Work required »
Give all of the data again exactly as written, omitting every image.

Data for this exercise »
--*--

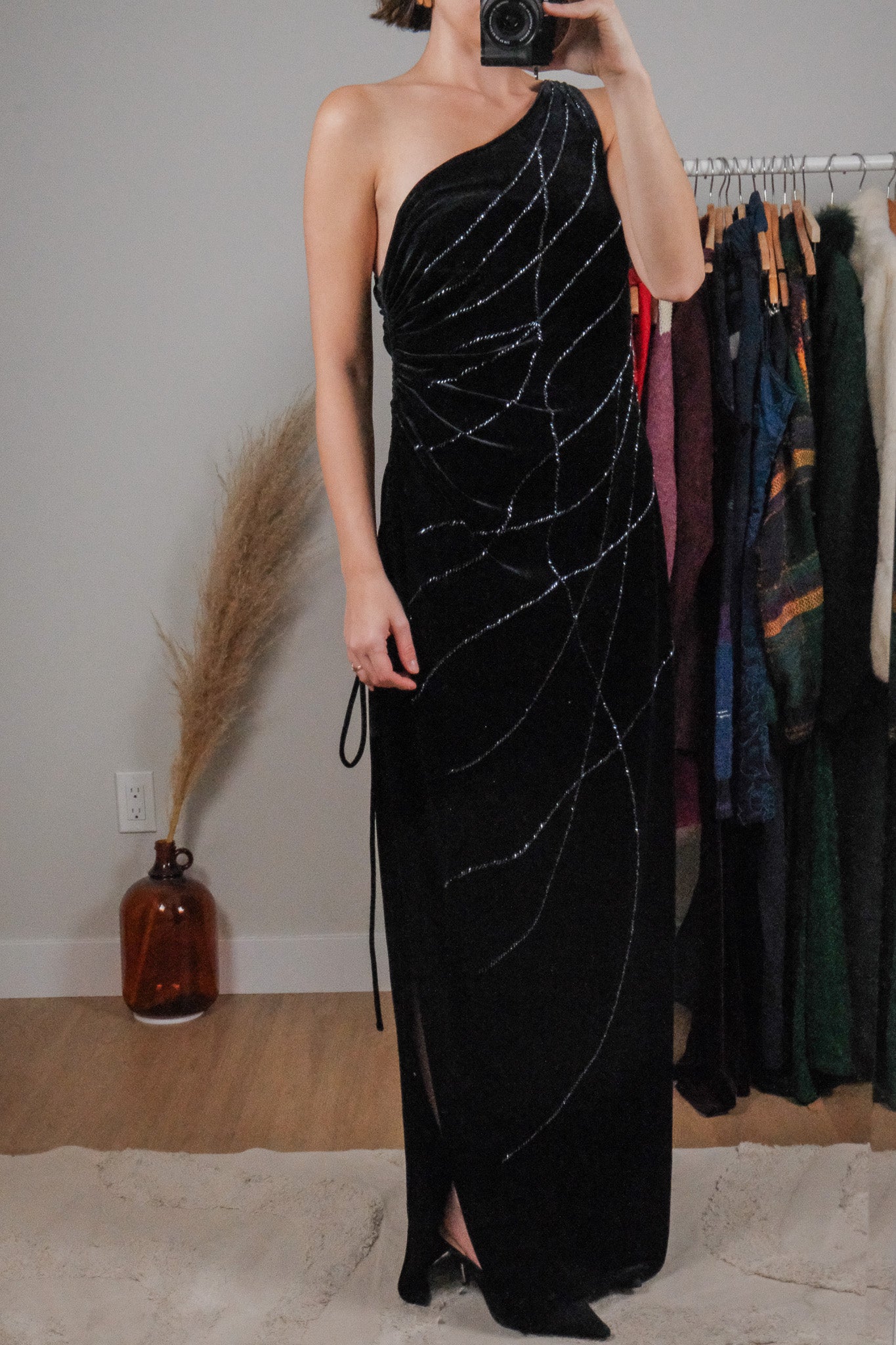 Vintage x One Shoulder Beaded Chinched Maxi Dress (M)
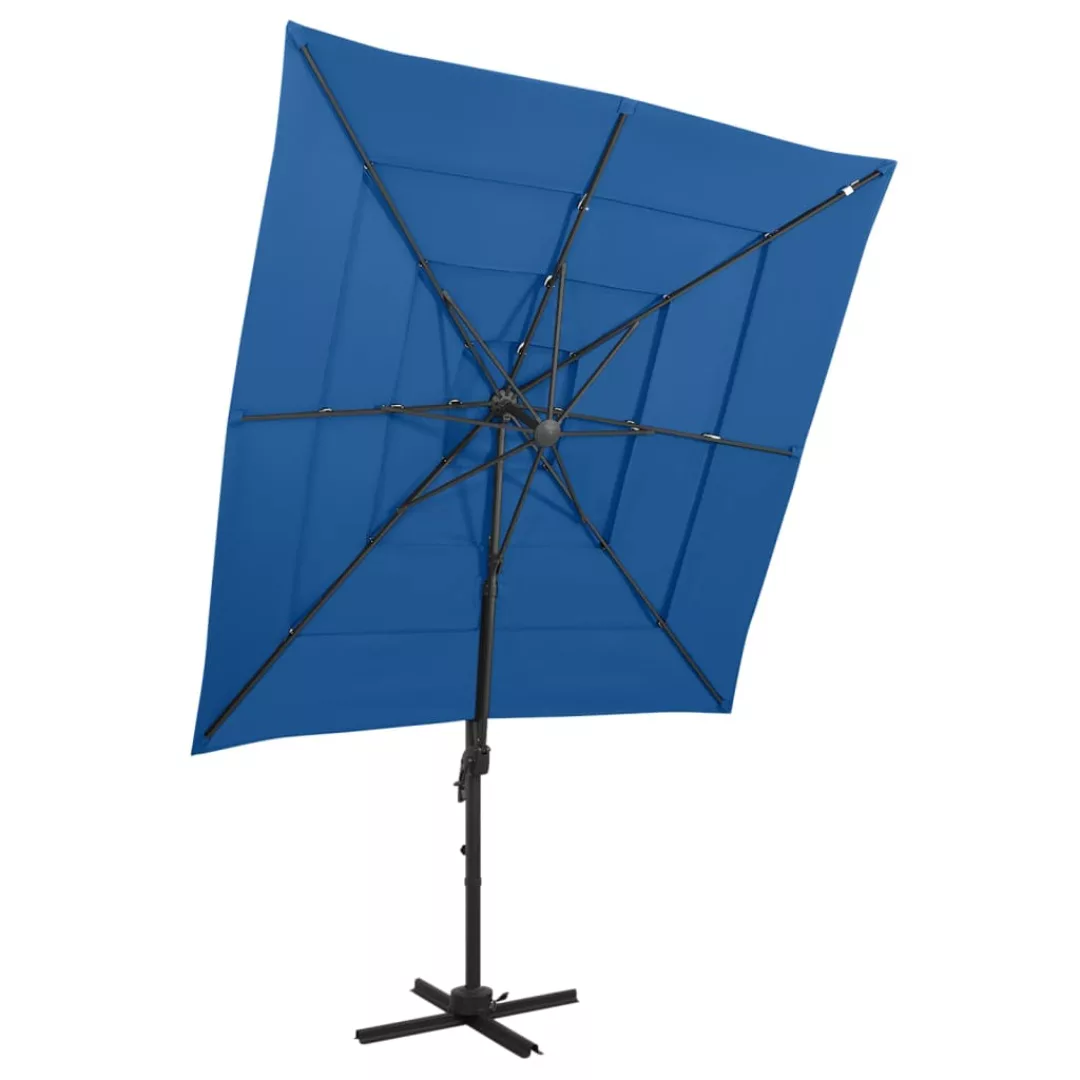 Sonnenschirm Mit Aluminium-mast 4-lagig Azurblau 250x250 Cm günstig online kaufen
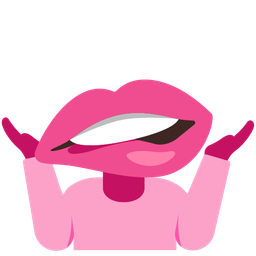 person shrugging and mouth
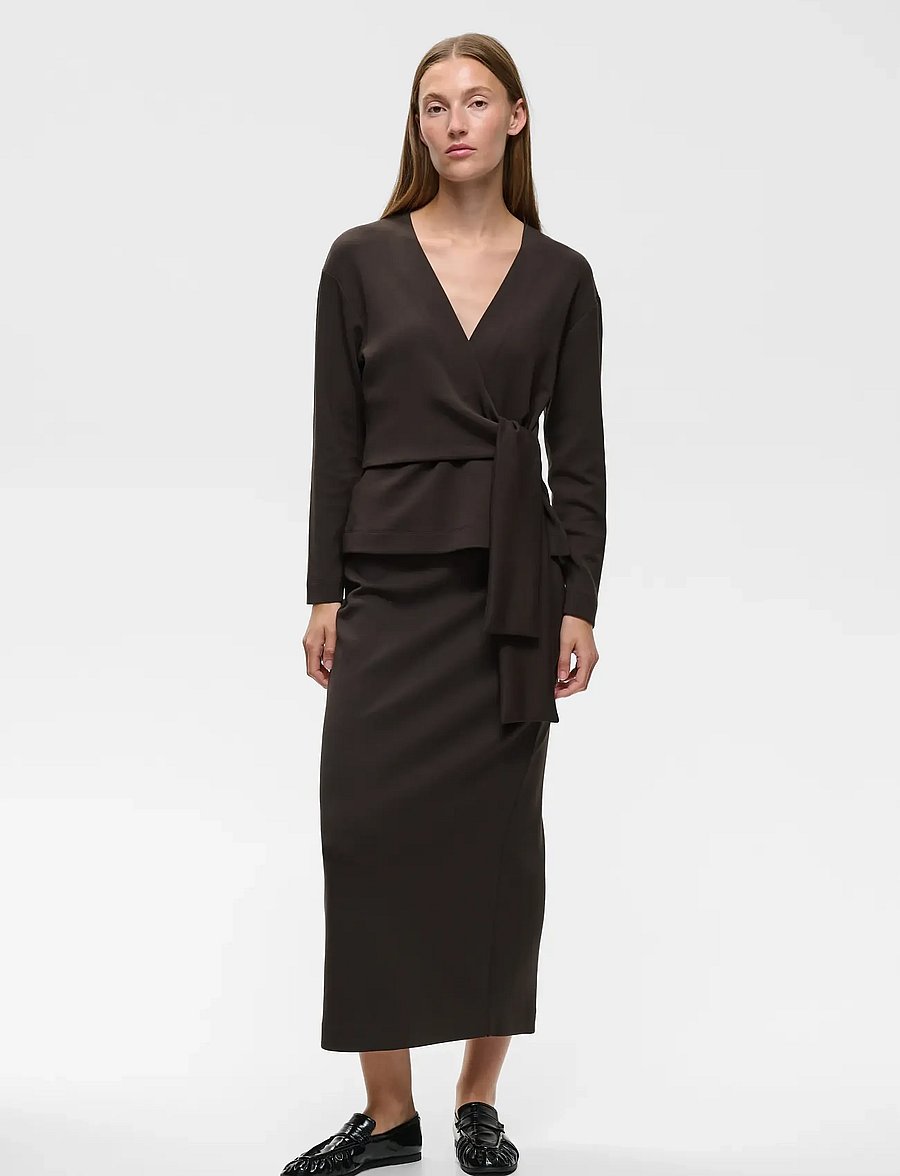 InWear - AGGIEIW VINCENT KNOT BLOUSE - long sleeved blouses - chocolate brown - 4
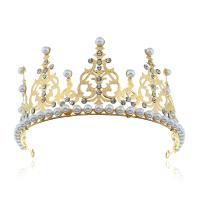 Bridal Tiaras, Zinc Alloy, with Plastic Pearl, plated, for bridal & with rhinestone 325*76mm 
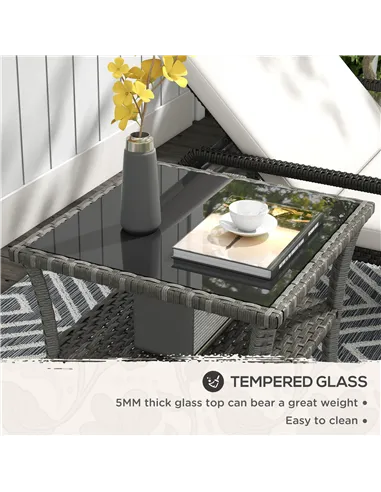 Outsunny Two-tier PE Rattan Square Coffee Table - Grey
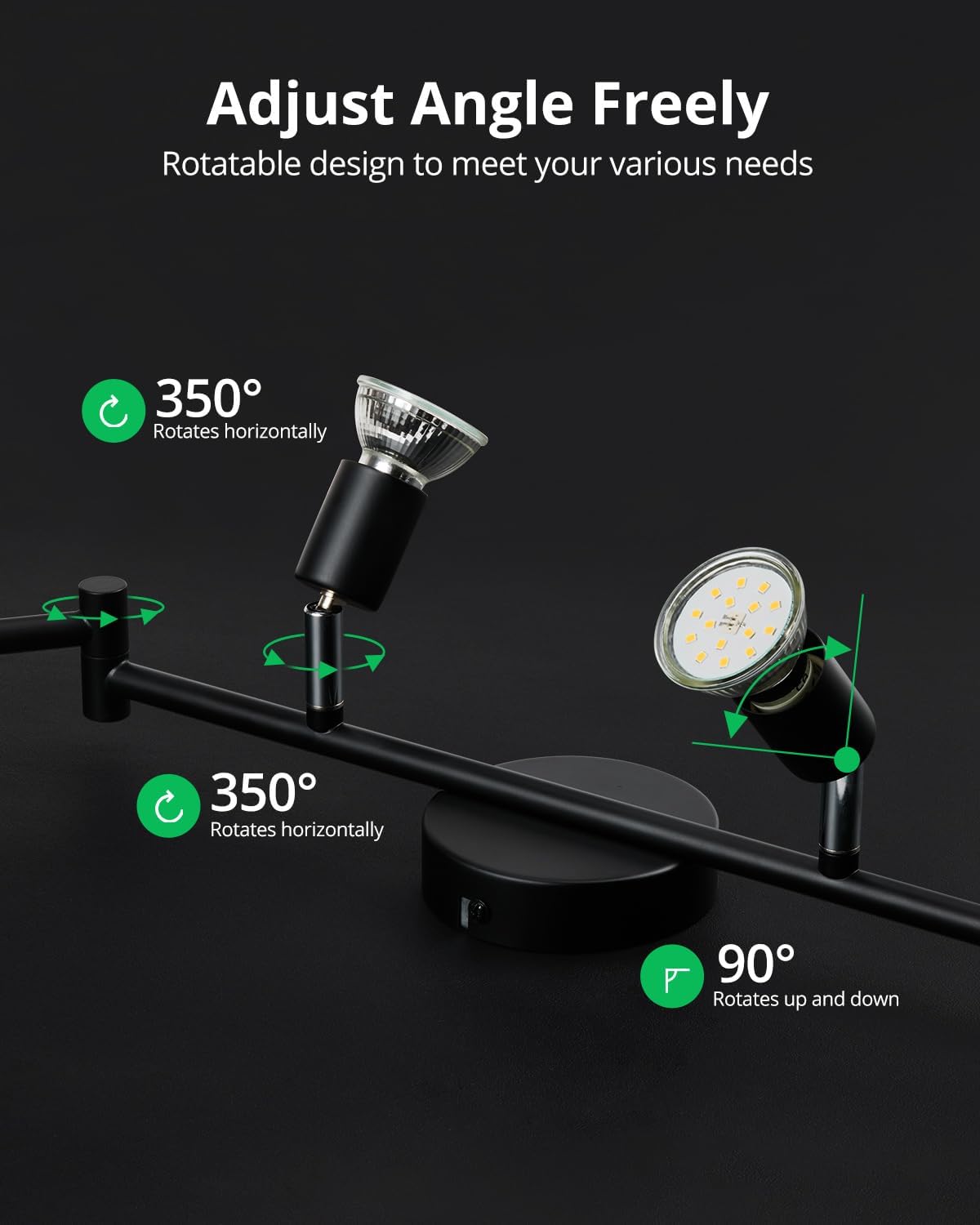 Rotatable Kitchen Ceiling Light, Adjustable Bedroom Spotlights, Black LED Track Lighting, 6 Way Ceiling Lamp Indoor, 6 GU10 Bulbs, 6W 4000K for Livingroom Gym Office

--*--

Reply »
 Vintage x One Shoulder Beaded Chinched Maxi Dress (M)
 Sonnenschirm Mit Aluminium-mast 4-lagig Azurblau 250x250 Cm günstig online kaufen
 person shrugging and mouth
 InWear - AGGIEIW VINCENT KNOT BLOUSE - long sleeved blouses - chocolate brown - 4
 Bridal Tiaras, Zinc Alloy, with Plastic Pearl, plated, for bridal & with rhinestone 325*76mm 
 Outsunny Two-tier PE Rattan Square Coffee Table - Grey
 Rotatable Kitchen Ceiling Light, Adjustable Bedroom Spotlights, Black LED Track Lighting, 6 Way Ceiling Lamp Indoor, 6 GU10 Bulbs, 6W 4000K for Livingroom Gym Office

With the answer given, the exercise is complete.